In 1911 Shevyakov took a job at the Ministry of Public Education leaving Valentin Doguel in charge of the Zootomy Cabinet (much later, in 1939, Doguel was elected corresponding member of the USSR Academy of Sciences). Shevyakov thought highly of Doguel, his best helpmate. "His works are very interesting and show him a concerned scientist eager to consider and generalize facts." That was his style. He kept on as head of the Cabinet (and subsequently, of the academic chair) for as long as 41 years up until his death in 1955. He died in his boots while still in charge.

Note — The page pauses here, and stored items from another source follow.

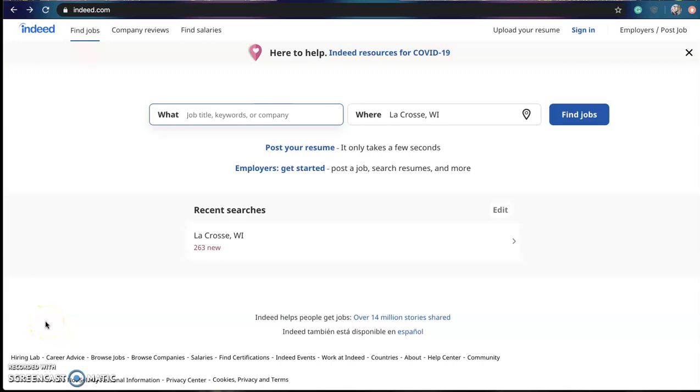Hello Project Proven students and welcome to one of our first tutorial videos. Today I'm going to show you how to create an Indeed account which will help you find local job opportunities.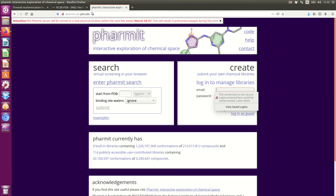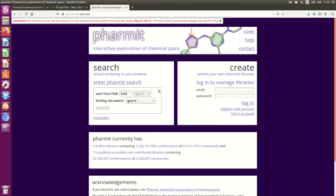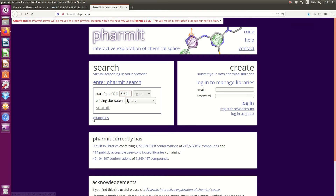Now I go to Formit Software, an online software, and type this receptor. It's here. I will pause the video to save time. Now I give enter.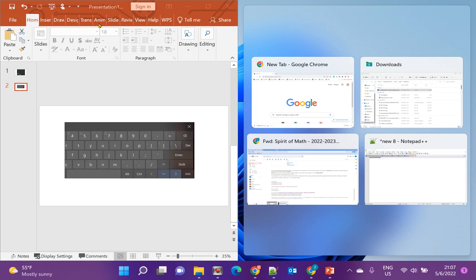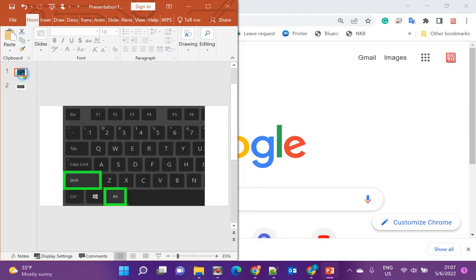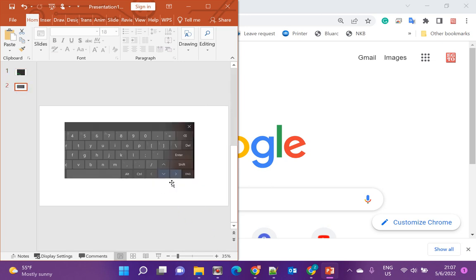Remember: hold Shift and Windows keys together, then use left and right arrow keys to move the window.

There was a break in his activities as laboratory head: as Leningrad University was evacuated from besieged Leningrad to Saratov (1942-1944) Doguel was sent away to Alma-Ata, Kazakhstan, and had to work there.

Soon after the October Revolution of 1917 the Zootomy Cabinet branched out into yet another three chairs (departments) dealing with genetics, embryology, entomology and experimental zoology, with Filipchenko, Ivanov and Rimsky-Korsakoff being in charge.

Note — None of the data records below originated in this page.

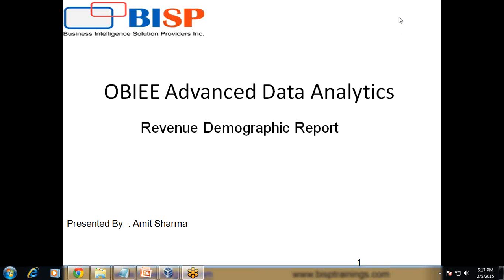Hello folks, welcome to BISPTrainings.com. My name is Amit and today I'm going to show you how to create a revenue demographic report. It's part of our learning series called OBI Advanced Data Analytics.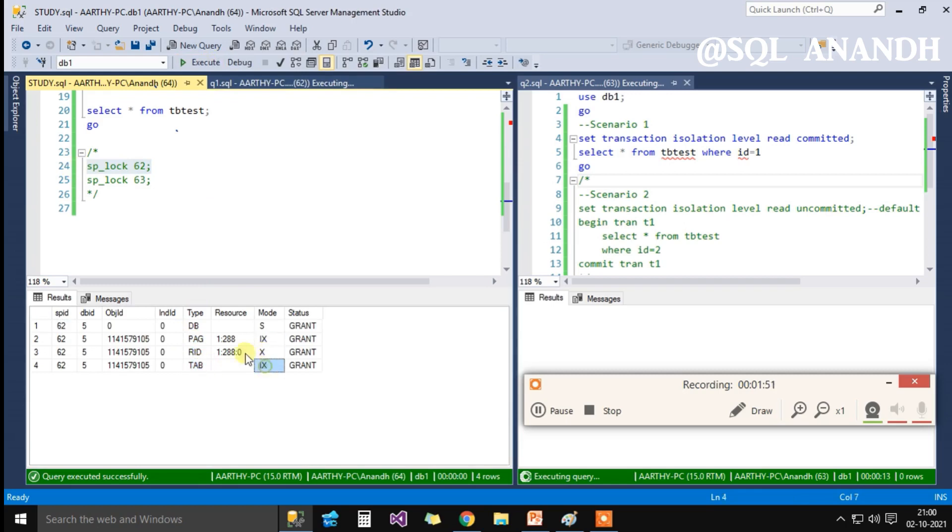Currently, the locks held by SPID 62: in addition to the one shared lock on database resource DB1, it has two intent exclusive locks on page and table level and one exclusive lock on row id for row level that is in the granted state.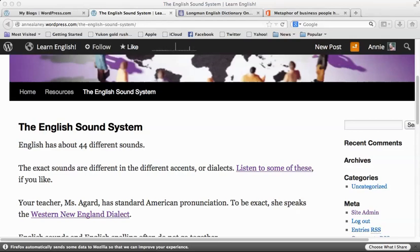The English sound system. English has about 44 different sounds. The exact sounds are different in the different accents or dialects.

The Zootomy Cabinet kept up in the lead as a zoology school. Up to the late 1920s protozoology (zoology of the protozoa) had been a research priority; thereafter the interest shifted to parasitology, and by the mid-1930s a new discipline, ecological parasitology, asserted itself. Simultaneously, comparative morphological studies were underway. Thereby a triune approach took body and form in research and education of specialists embracing protistology (study of protists, one-cell organisms), ecological parasitology and comparative anatomy. This approach still holds.

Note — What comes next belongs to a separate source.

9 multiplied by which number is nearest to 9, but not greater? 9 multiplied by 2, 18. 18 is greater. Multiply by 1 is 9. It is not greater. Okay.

Doguelian lectures were published as manuals and monographs, such as Comparative Anatomy of Invertebrates (1925), Zoology of Invertebrates (1934), General Parasitology (1947), and General Protistology (1951). Doguel and his department reared major research schools of protozoologists, parasitologists and comparative anatomists. The names of his pupils are well known among the world scientific community: Yuri Balashov, corresponding member of the Academy of Sciences of the USSR; Professors Yuri Petrushevsky, Alexander Monchadsky, Maria Belopolskaya, Tatyana Ghinetsins-kaya, Solomon Schulmann, Yuri Strelkov (parasitologist). These are also Yuri Polyansky, corresponding member of the Academy of Sciences of the USSR; Professors Alexander Strelkov, Yevgeny Heissin, LevSeravin, Igor Raikov, Tamara Beyer (protozoology); academy members Yuri Orlov, Artemiy Ivanov, Orest Scarlato as well as Pavel Svetlov, corresponding member of the Academy of Medicine; Professors Sergei Guerd, Vladimir Vagin, Olga Ivanova-Kazas (comparative anatomy, general zoology and paleontology). So many celebrities indeed.

In 1955 Doguel was succeeded by Yuri Polyansky, who headed the Zoology Chair up until 1983. Today the Doguelian cause is carried on by the third and fourth generations of his followers. The Doguelian traditions live on.

This article was written within the theme supported by the RFFI grant 10-06-00124a.